Fiscal-year revenue of 5,213.8 million Swiss francs ($5,406.4 million) compared with 4,880.2 million Swiss francs in the previous fiscal year. Barry Callebaut had double-digit percentage gains in sales in the geographic regions of the Americas (15.6%), Asia-Pacific (15.5%) and Eastern Europe (11.1%). The global chocolate confectionary market overall grew at a rate of 0.3%. The strong Swiss franc had an unfavorable impact on sales revenue, operational profit (EBIT) and net profit for Zurich-based Barry Callebaut.
“Market conditions were challenging with a still rather fragile world economy, a flat global chocolate market, high raw material prices and important currency fluctuations,” said Juergen Steinemann, chief executive officer of Barry Callebaut. “Our growth strategy based on the three pillars of expansion, innovation and cost leadership, together with our robust business model, have allowed us to cope well with all these market challenges.”
The Americas regions had fiscal-year EBITDA of 108.1 million Swiss francs, up from 100.9 million Swiss francs in the previous year, and fiscal-year sales revenue of 998.2 million Swiss francs, up from 901.1 million Swiss francs.
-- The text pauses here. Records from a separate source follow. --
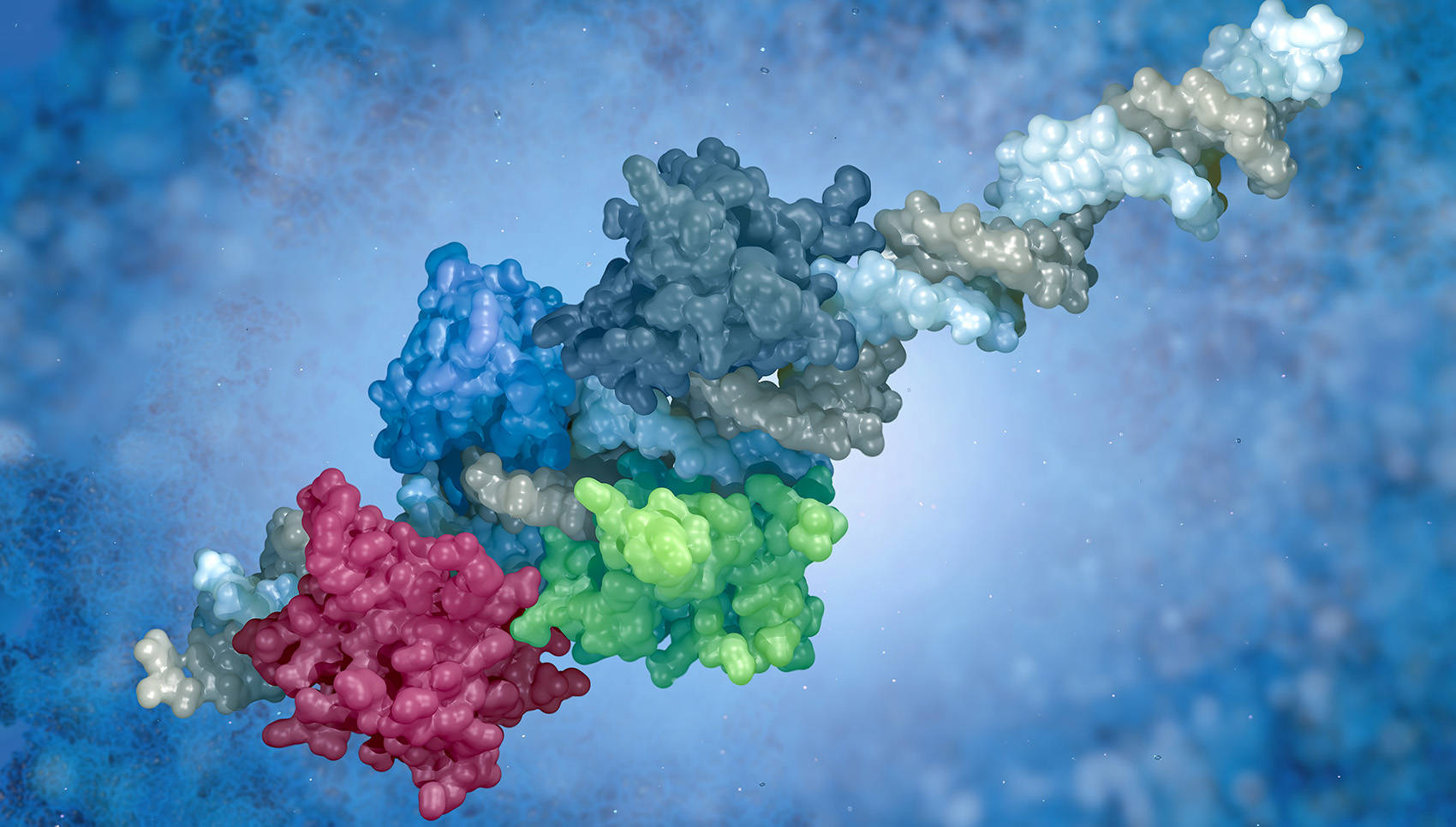 Protein Post-Translational Modifications in Plants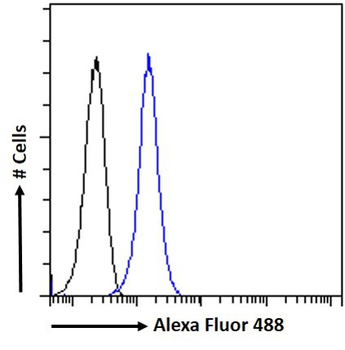 DC-SIGN/CD209 Antibody
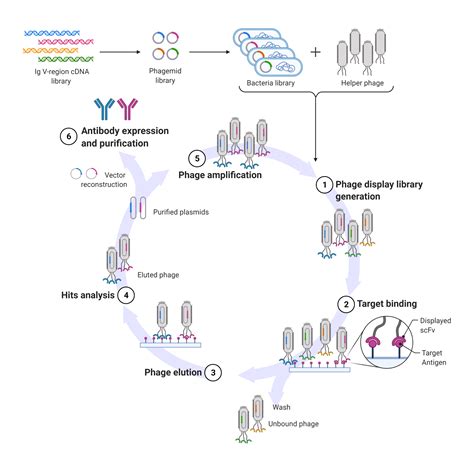 Antibody Drug Discovery Process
Long-term outsourcing and supply agreements with key corporate accounts, as well as growth in the Gourmet business, drove sales volume growth of 16% to 291,399 tonnes. Volume growth in both Food Manufacturers and Gourmet & Specialties Products business drove a rise in operating profit (EBIT) of 6.3% in local currencies to 92.5 million Swiss francs. Infrastructure investments, including start-up costs for a new chocolate factory in Brazil, partly offset the volume growth.
Global Sourcing & Cocoa had fiscal-year EBITDA of 75.2 million Swiss francs, up from 72.6 million Swiss francs in the previous fiscal year, and fiscal-year sales revenue of 962.5 million Swiss francs, up from 748.9 million Swiss francs. Higher cocoa bean prices and higher volumes drove sales revenue growth.
“There was high demand for cocoa powder since the market segments using cocoa powder as an ingredient — mainly the bakery, ice cream and beverage industries — did not suffer as much from the global economic crisis as the chocolate confectionery market where cocoa butter is used to a great extent,” Barry Callebaut said.
Going forward, Barry Callebaut plans to manage its Gourmet & Specialties business as a unit independent from but interdependent with its industrial business. Barry Callebaut will appoint management teams for its Gourmet & Specialties businesses in western Europe and North America, and the management teams will have their own profit and loss responsibility. The Gourmet & Specialties business will remain interdependent with the industrial factories and benefit from their scale and manufacturing efficiency.